The problem you are seeing can be caused by various network or proxy issues. Could you please show the diagram of the end-state? Where is the client, how does it connect to the server, etc. Are you using ingress? Where do you terminate TLS?

Hi Sergey,

Thank you very much for the quick response and patience.

Yes, my deployment was through a helm chart and we are using INGRESS. Could this be a problem?

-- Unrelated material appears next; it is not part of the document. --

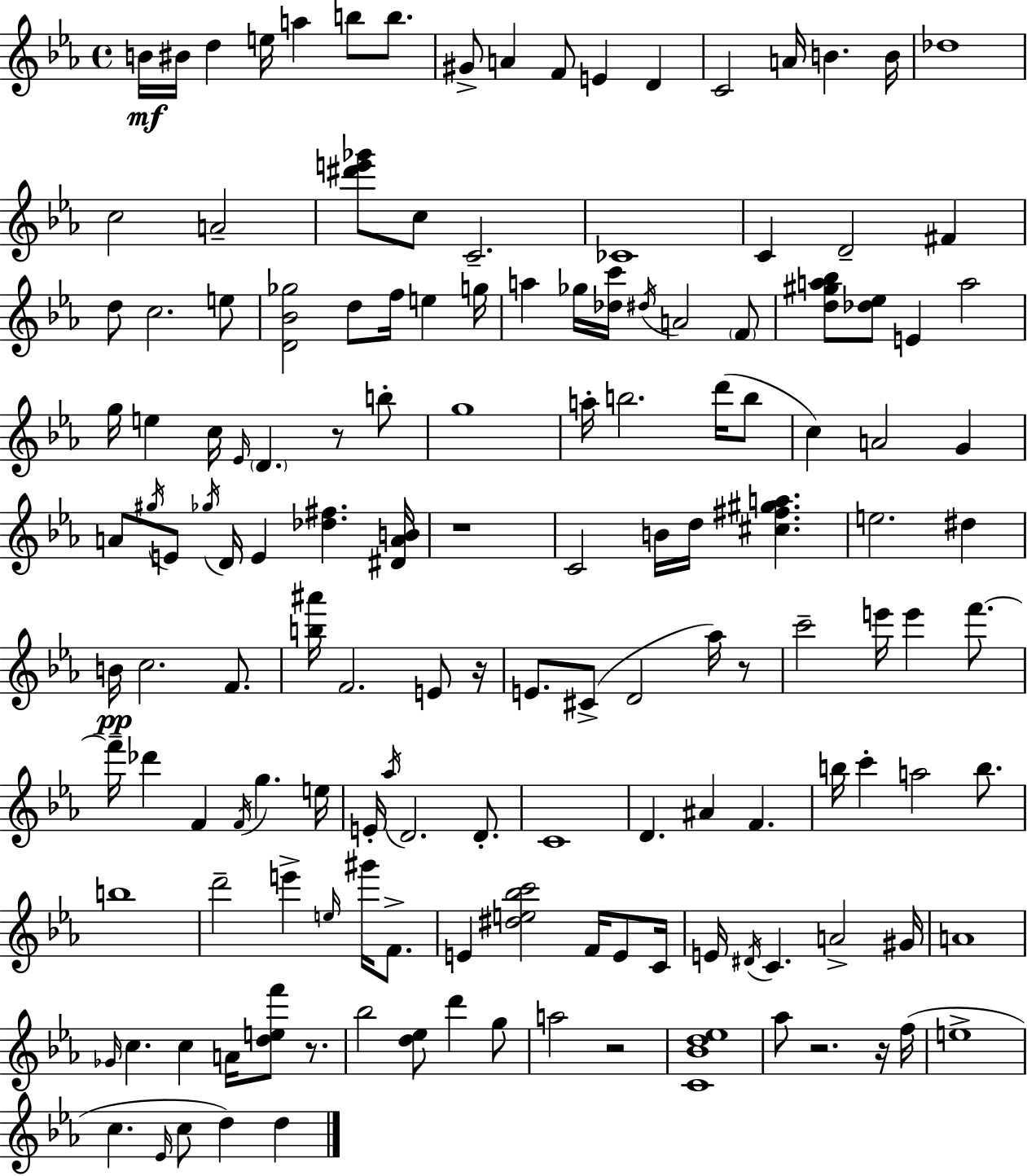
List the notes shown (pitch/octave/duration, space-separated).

B4/s BIS4/s D5/q E5/s A5/q B5/e B5/e. G#4/e A4/q F4/e E4/q D4/q C4/h A4/s B4/q. B4/s Db5/w C5/h A4/h [D#6,E6,Gb6]/e C5/e C4/h. CES4/w C4/q D4/h F#4/q D5/e C5/h. E5/e [D4,Bb4,Gb5]/h D5/e F5/s E5/q G5/s A5/q Gb5/s [Db5,C6]/s D#5/s A4/h F4/e [D5,G#5,A5,Bb5]/e [Db5,Eb5]/e E4/q A5/h G5/s E5/q C5/s Eb4/s D4/q. R/e B5/e G5/w A5/s B5/h. D6/s B5/e C5/q A4/h G4/q A4/e G#5/s E4/e Gb5/s D4/s E4/q [Db5,F#5]/q. [D#4,A4,B4]/s R/w C4/h B4/s D5/s [C#5,F#5,G#5,A5]/q. E5/h. D#5/q B4/s C5/h. F4/e. [B5,A#6]/s F4/h. E4/e R/s E4/e. C#4/e D4/h Ab5/s R/e C6/h E6/s E6/q F6/e. F6/s Db6/q F4/q F4/s G5/q. E5/s E4/s Ab5/s D4/h. D4/e. C4/w D4/q. A#4/q F4/q. B5/s C6/q A5/h B5/e. B5/w D6/h E6/q E5/s G#6/s F4/e. E4/q [D#5,E5,Bb5,C6]/h F4/s E4/e C4/s E4/s D#4/s C4/q. A4/h G#4/s A4/w Gb4/s C5/q. C5/q A4/s [D5,E5,F6]/e R/e. Bb5/h [D5,Eb5]/e D6/q G5/e A5/h R/h [C4,Bb4,D5,Eb5]/w Ab5/e R/h. R/s F5/s E5/w C5/q. Eb4/s C5/e D5/q D5/q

Because I found this card in jira but I don’t know if it might be related to my problem:
https://jira.percona.com/browse/PMM-11872

My connection flow is basically POD → SVC → INGRESS.
TLS use LetsEncrypt.

PMM server is located in 1 pod and our databases distributed in virtual machines in another network, which we have already released on the firewall according to the pre-reqs.

Telnet tests successfully pass through the firewall. For example, telnet from PMM Server (POD) to “27p” (client in a virtual machine):

There is no proxy between environments.

I guess it is due to GRPC protocol.

@steve.hoffman @Roma_Novikov I remember you told me about the probable issues with GRPC.

I had this same issue and was able to work-around it by adding annotations to the helm ingress values:

  community:
    annotations:
      nginx.ingress.kubernetes.io/use-regex: "true"

The nginx.ingress.kubernetes.io/use-regex: “true” was needed to have the ingress controller use regex location blocks for ‘/agent., /inventory.’ etc… without this config, such calls to these urls would not match the location blocks in the ingress controller and instead hit the default location / and its non-grpc upstream.